Each record below is to be retyped exactly, with its pictures omitted.

────

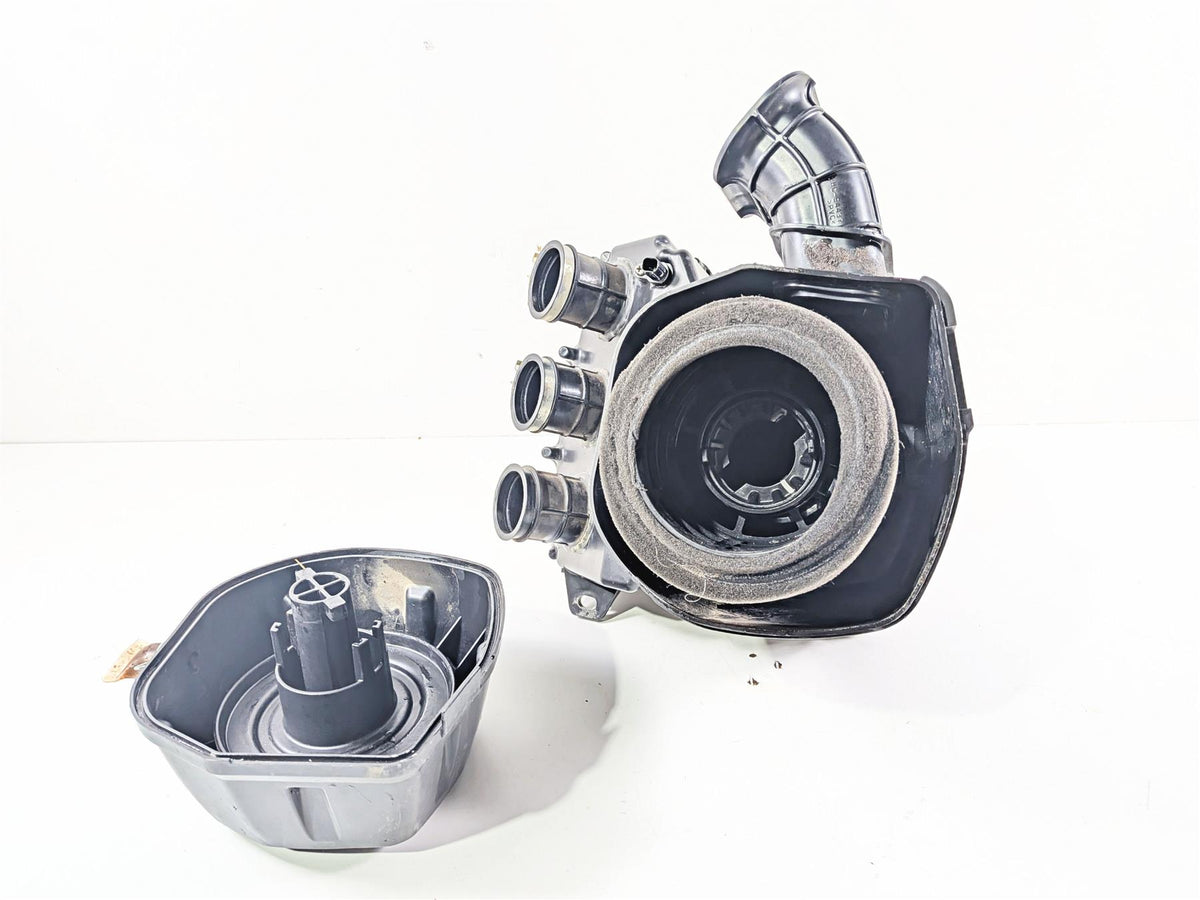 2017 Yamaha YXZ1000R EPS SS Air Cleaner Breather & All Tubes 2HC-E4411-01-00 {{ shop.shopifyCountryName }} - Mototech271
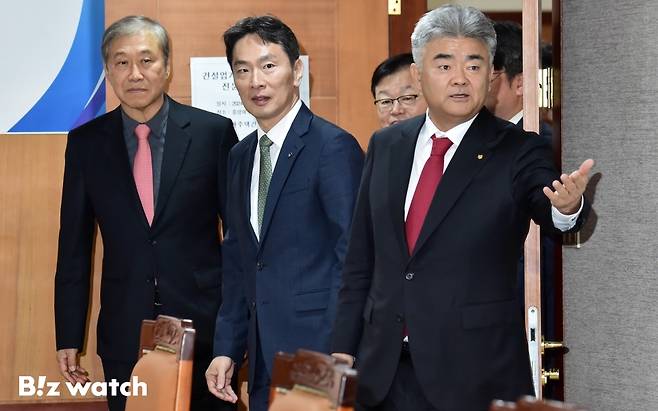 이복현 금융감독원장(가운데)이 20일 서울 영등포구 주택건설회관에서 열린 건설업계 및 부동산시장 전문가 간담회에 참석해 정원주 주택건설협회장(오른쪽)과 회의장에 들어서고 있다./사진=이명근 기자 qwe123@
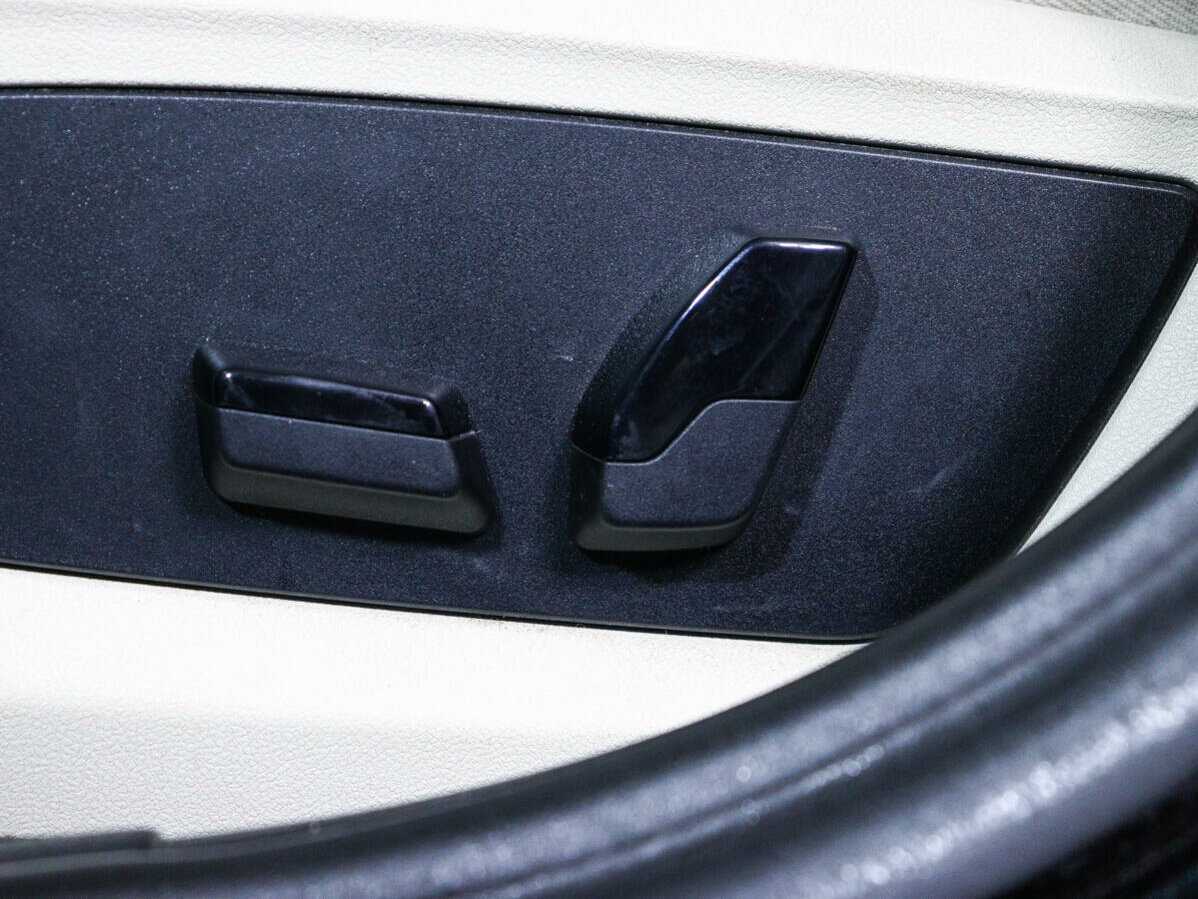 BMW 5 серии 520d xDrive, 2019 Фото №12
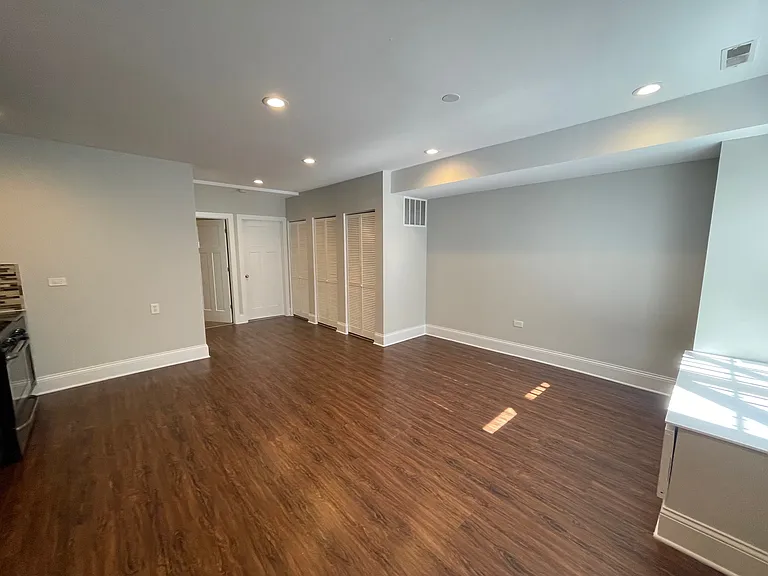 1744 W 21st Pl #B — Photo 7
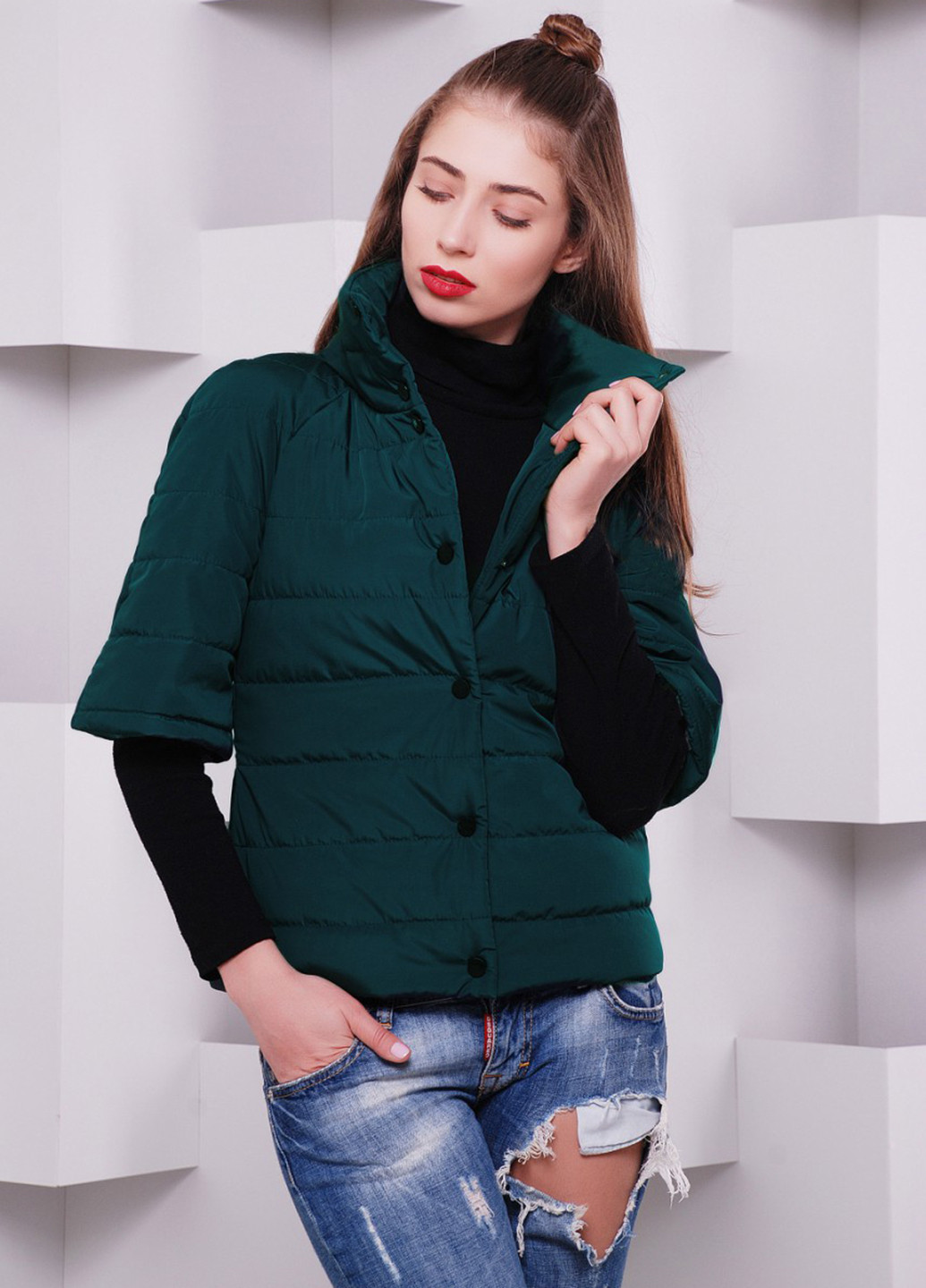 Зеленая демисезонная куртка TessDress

────

Result of this task:
 2017 Yamaha YXZ1000R EPS SS Air Cleaner Breather & All Tubes 2HC-E4411-01-00 {{ shop.shopifyCountryName }} - Mototech271
 이복현 금융감독원장(가운데)이 20일 서울 영등포구 주택건설회관에서 열린 건설업계 및 부동산시장 전문가 간담회에 참석해 정원주 주택건설협회장(오른쪽)과 회의장에 들어서고 있다./사진=이명근 기자 qwe123@
 BMW 5 серии 520d xDrive, 2019 Фото №12
 1744 W 21st Pl #B — Photo 7
 Зеленая демисезонная куртка TessDress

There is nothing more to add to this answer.